I bring up Sunshine because it remains a better, more striking fable
that deals with many of the same issues as Vicente Amorim's Good.
Based on an allegedly classic 1981 play, this small-scale drama
attempts to capture the feelings that many ordinary Germans had as the
Nazi party slowly took complete control of the motherland. It's a
fascinating idea that still resonates: how do you succeed in a corrupt
government without becoming corrupt yourself? And if you do see evil
all around you, do you sacrifice your own comfort to speak out, or do
you just sit back and hope someone else martyrs themselves instead of
you? But the ideas at the heart of the film outweigh the execution of
the film itself.
Some plot - In 1930s Germany, literature professor John Halder (Viggo
Mortensen) sees a sudden rise in good fortune when his novel
advocating euthanasia ends up being used as government propaganda by
high ranking Nazi officials. As his personal stock and potential
fortune rises, Halder finds himself torn between succeeding within a
political party that he does not agree with, or facing the
consequences of shunning the current governmental establishment and
losing any chance for success and financial security.
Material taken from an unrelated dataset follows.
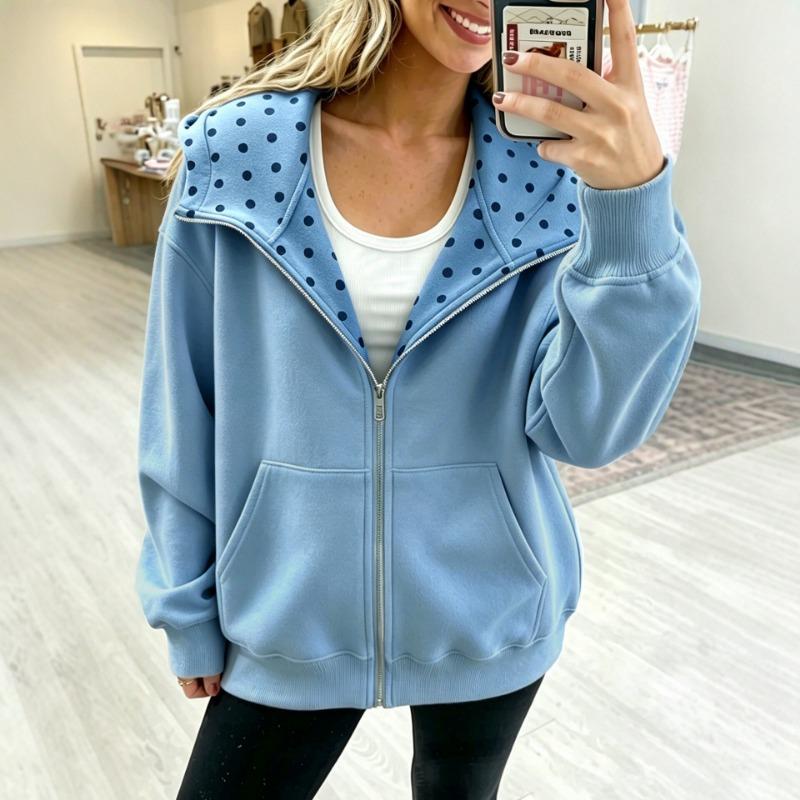 Women S Casual Loose Hooded Cardigan Sweatshirt Jacket Autumn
Again, this is an idea that is always worth exploring, the struggle of
(to quote a recent high-profile tent-poler) 'trying to be decent men,
in an indecent time'. But the fatal flaw of the story is that our
protagonist isn't just decent, he's also gloriously naive. Time and
time again, he tries to reason with his Jewish friend, Maurice (Jason
Issacs), claiming that Hitler's reign is just a fad and that things
will blow over soon enough. This may have been a reasonable position
for an educated man to have in the mid 1930s, but John clings to this
belief well past the point of self-delusion.
If this were a story about self-blindness, about a life lived without
peripheral vision, then that would be one thing. But John Halder is
presented to us as an educated and mentally sound man, someone who
genuinely believes that the Third Reich is just a political party that
will eventually be voted out of office. It is difficult to tell a
story about a morally sound man who struggles with his humanity in a
totalitarian regime when, for the majority of the movie, said hero is
completely oblivious to the actual actions and true intentions of said
regime.
Story flaws aside, the film looks splendid, and the acting is fine.
Mortensen does righteous anguish as well as anyone, and Jason Isaacs
provides a solid counterpoint, both as a foil and a direct consequence
of Holder's bad judgment. The scenes between the Isaac and Mortensen
are easily the film's highlights. And the picture ends on a jaw
dropping five-minute shot that renders the fantastically terrible as
plausible and frighteningly mundane.
Good is an interesting idea, thoughtfully acted and visually
intriguing. However, it is nearly undone by a lead character that
fails to represent the general idea that the film is allegedly about.
Maybe it worked better as a play, but this theatrical adaptation only
barely succeeds as a template for after-film conversation, rather than
as an entertainment in and of itself.